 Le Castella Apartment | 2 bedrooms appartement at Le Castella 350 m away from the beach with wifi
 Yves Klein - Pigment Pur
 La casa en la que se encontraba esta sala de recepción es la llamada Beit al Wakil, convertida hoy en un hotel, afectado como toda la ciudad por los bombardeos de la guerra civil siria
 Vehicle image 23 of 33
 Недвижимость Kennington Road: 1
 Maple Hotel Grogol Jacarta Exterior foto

---

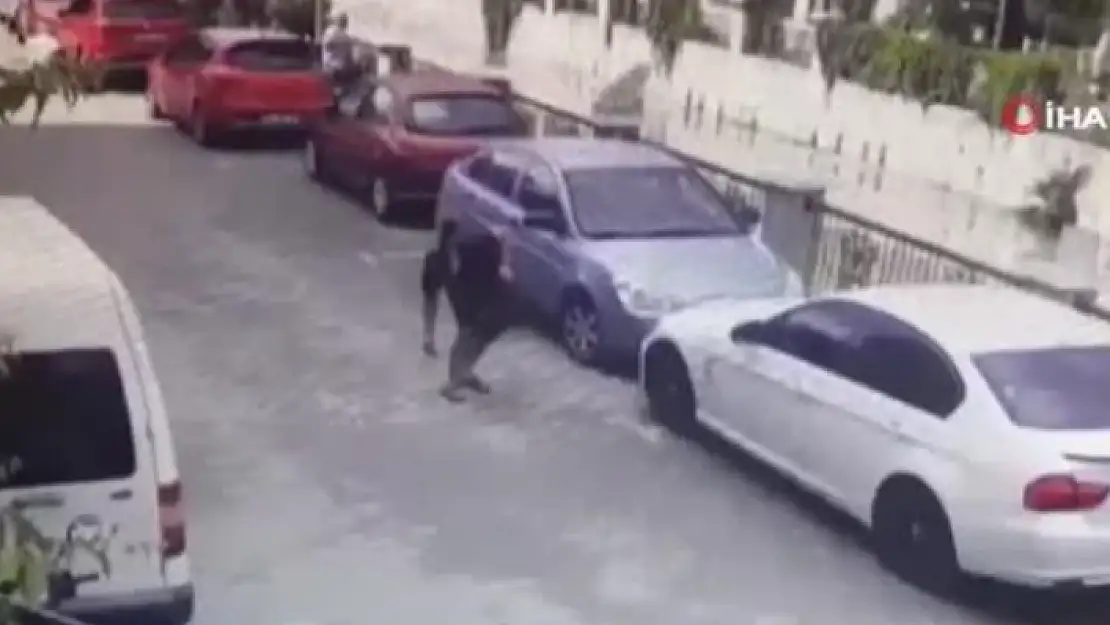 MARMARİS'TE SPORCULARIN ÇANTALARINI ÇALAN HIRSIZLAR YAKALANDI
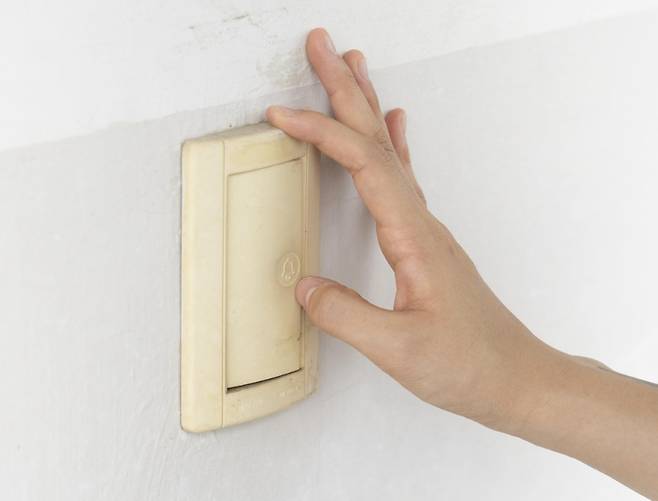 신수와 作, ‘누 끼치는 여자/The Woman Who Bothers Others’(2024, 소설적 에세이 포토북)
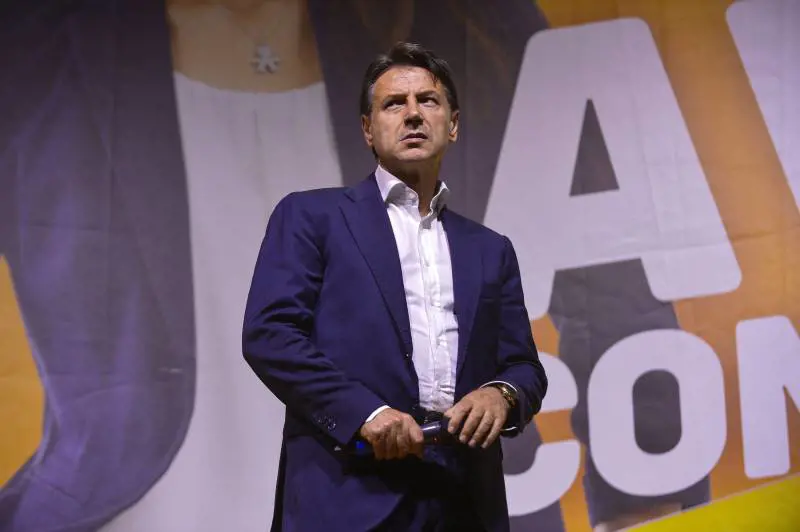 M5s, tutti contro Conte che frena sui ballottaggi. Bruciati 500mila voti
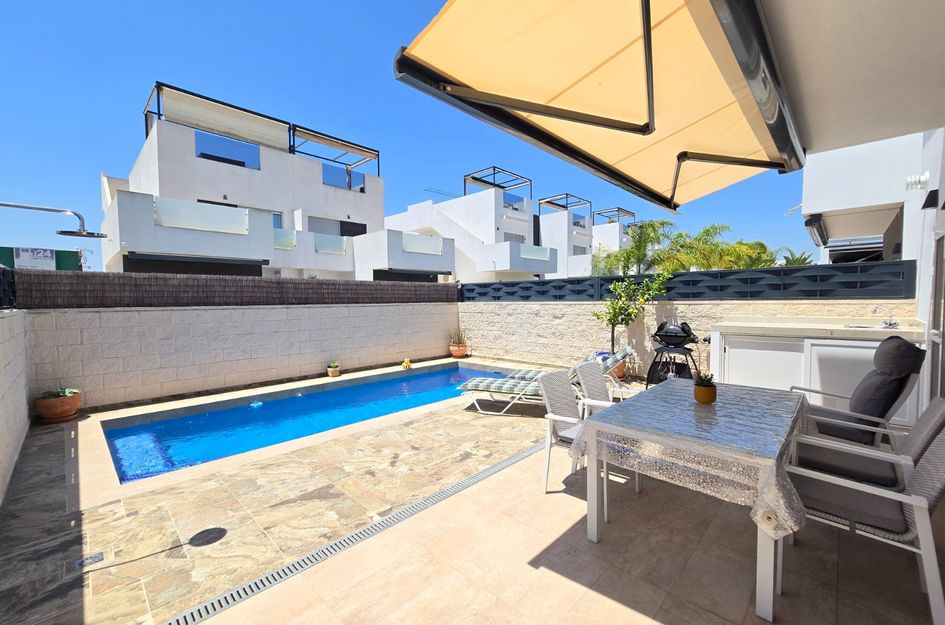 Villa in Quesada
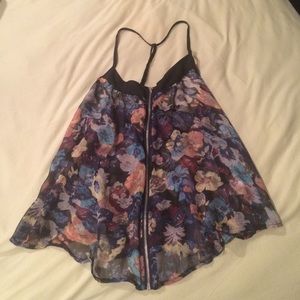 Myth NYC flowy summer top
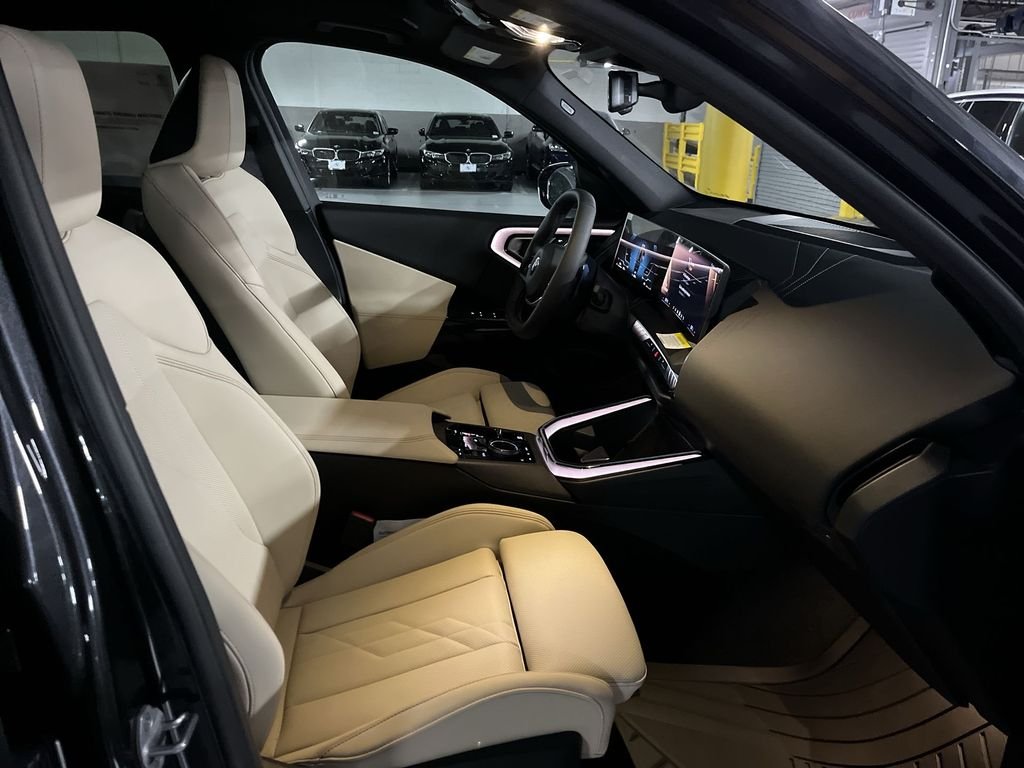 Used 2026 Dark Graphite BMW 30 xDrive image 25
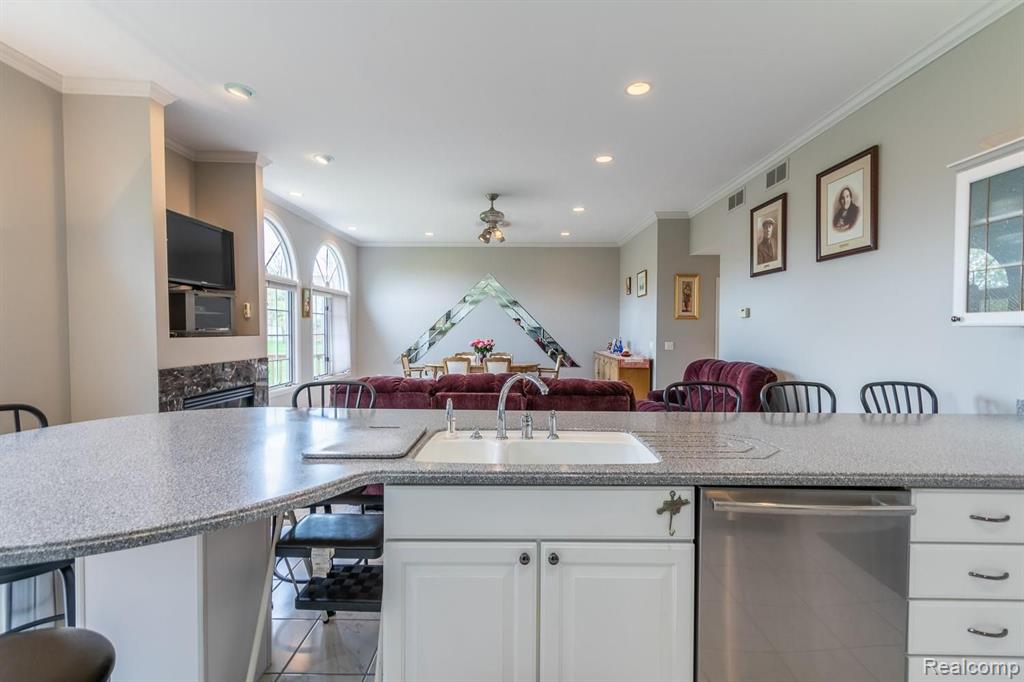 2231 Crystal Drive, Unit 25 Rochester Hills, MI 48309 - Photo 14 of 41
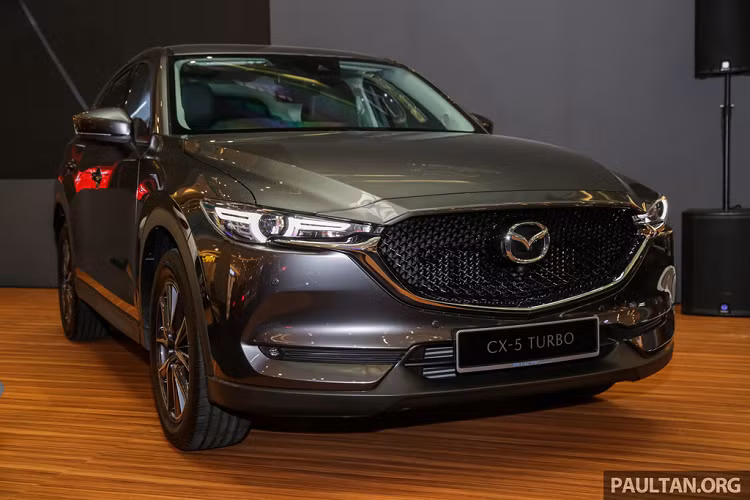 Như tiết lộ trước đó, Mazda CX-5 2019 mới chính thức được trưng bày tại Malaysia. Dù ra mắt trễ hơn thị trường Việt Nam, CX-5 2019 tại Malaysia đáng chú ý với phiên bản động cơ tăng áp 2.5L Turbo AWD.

---

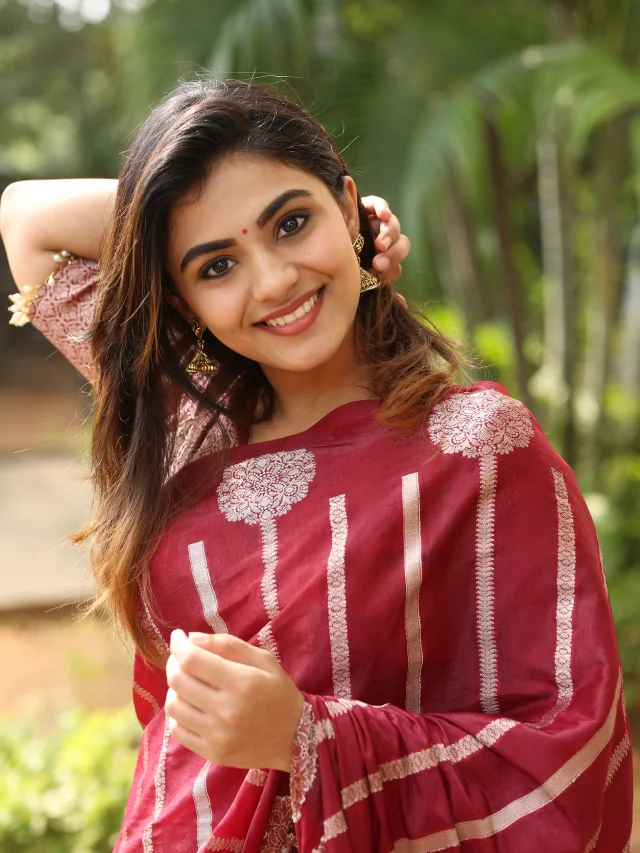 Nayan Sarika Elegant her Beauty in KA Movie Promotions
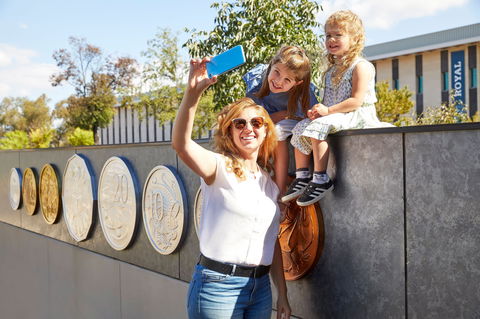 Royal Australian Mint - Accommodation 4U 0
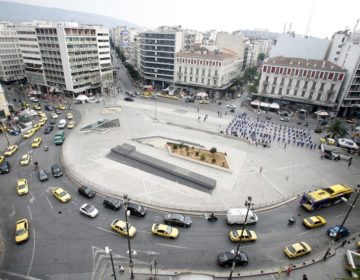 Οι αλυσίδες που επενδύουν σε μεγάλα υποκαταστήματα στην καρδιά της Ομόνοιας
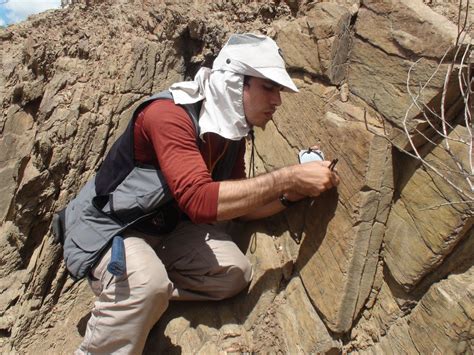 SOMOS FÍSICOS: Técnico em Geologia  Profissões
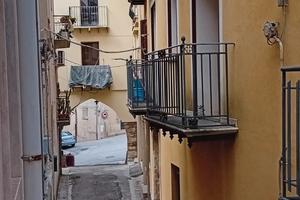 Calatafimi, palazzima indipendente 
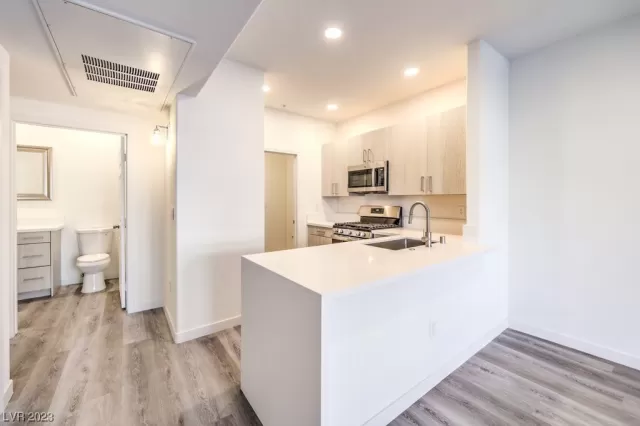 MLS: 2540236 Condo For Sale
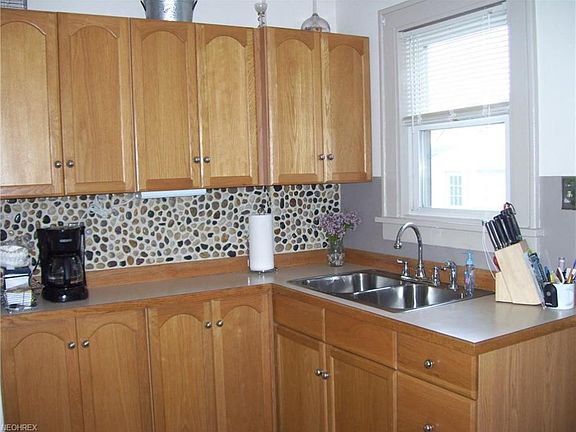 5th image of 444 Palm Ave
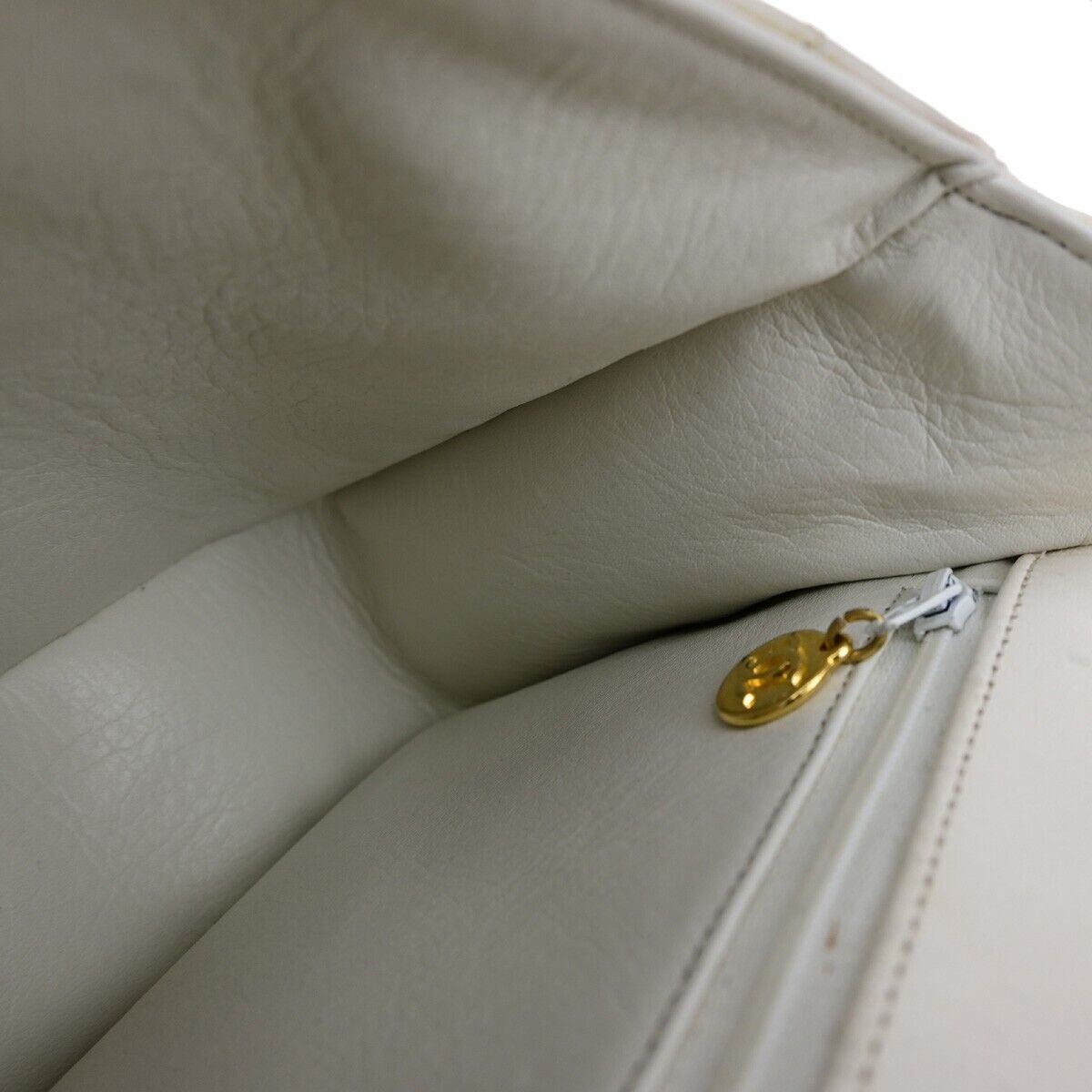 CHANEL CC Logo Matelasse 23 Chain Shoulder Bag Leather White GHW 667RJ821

**Required action**: In the listing above, find the line with "MARMARİS'TE SPORCULARIN ÇANTALARINI" and the line with "Used 2026 Dark". Transcribe those two and everything between, exactly, leaving out pictures.

**Problem solution**:
 MARMARİS'TE SPORCULARIN ÇANTALARINI ÇALAN HIRSIZLAR YAKALANDI
 신수와 作, ‘누 끼치는 여자/The Woman Who Bothers Others’(2024, 소설적 에세이 포토북)
 M5s, tutti contro Conte che frena sui ballottaggi. Bruciati 500mila voti
 Villa in Quesada
 Myth NYC flowy summer top
 Used 2026 Dark Graphite BMW 30 xDrive image 25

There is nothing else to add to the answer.